• _Task details_:
Beginning at the line containing "2023 BMW i4" in the material below and ending at the line containing "improvised barrier to", return each line exactly and add nothing.

::: Exercise inputs :::

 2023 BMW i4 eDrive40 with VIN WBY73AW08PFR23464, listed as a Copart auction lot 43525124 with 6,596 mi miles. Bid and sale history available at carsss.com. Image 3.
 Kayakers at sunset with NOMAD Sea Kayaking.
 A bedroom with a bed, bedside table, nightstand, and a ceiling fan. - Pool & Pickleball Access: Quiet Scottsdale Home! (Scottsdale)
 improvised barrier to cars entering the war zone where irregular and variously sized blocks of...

:::
::: Exercise inputs :::

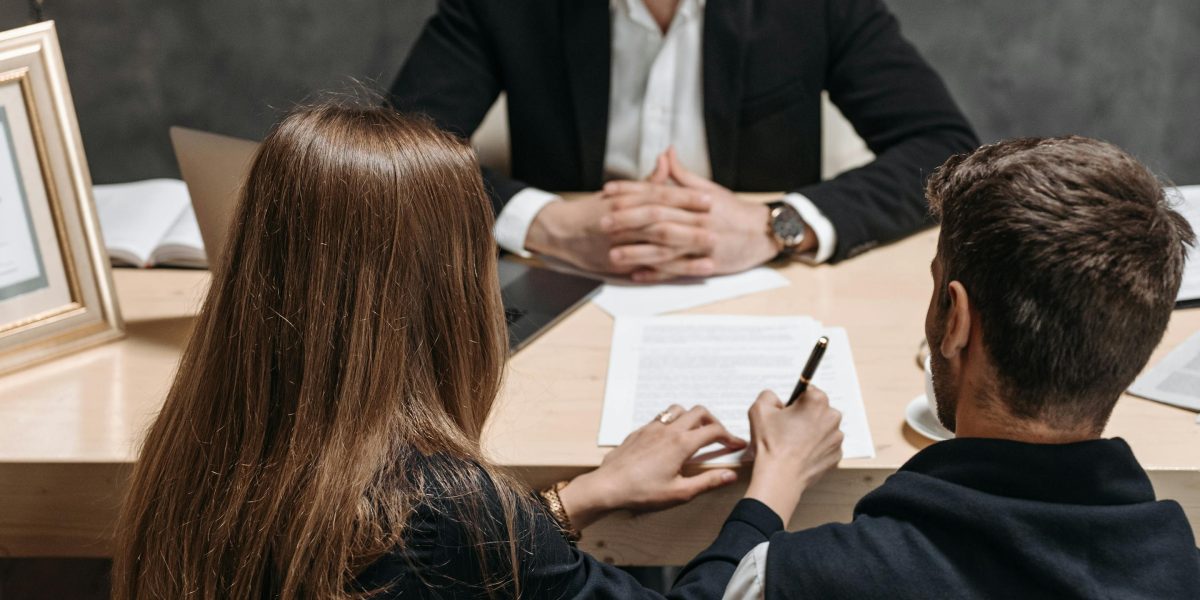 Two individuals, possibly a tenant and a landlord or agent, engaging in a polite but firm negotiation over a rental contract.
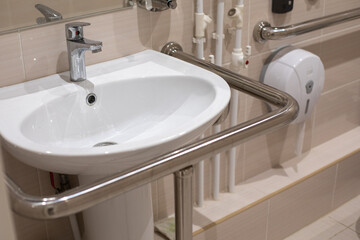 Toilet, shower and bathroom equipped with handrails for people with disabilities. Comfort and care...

:::
::: Exercise inputs :::

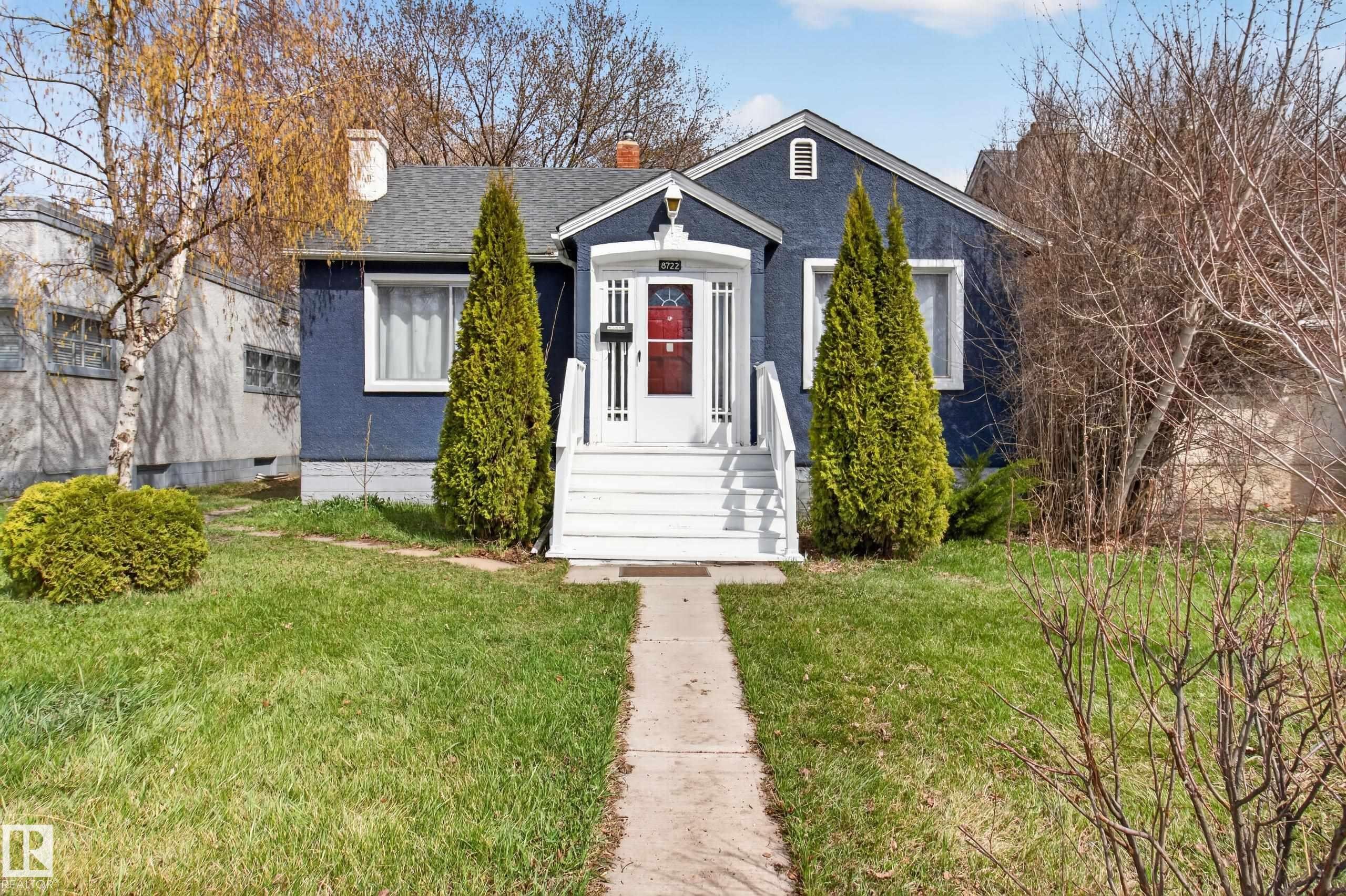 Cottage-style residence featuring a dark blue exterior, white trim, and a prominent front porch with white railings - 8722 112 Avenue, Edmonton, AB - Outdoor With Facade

:::

• _Exercise solution_:
 2023 BMW i4 eDrive40 with VIN WBY73AW08PFR23464, listed as a Copart auction lot 43525124 with 6,596 mi miles. Bid and sale history available at carsss.com. Image 3.
 Kayakers at sunset with NOMAD Sea Kayaking.
 A bedroom with a bed, bedside table, nightstand, and a ceiling fan. - Pool & Pickleball Access: Quiet Scottsdale Home! (Scottsdale)
 improvised barrier to cars entering the war zone where irregular and variously sized blocks of...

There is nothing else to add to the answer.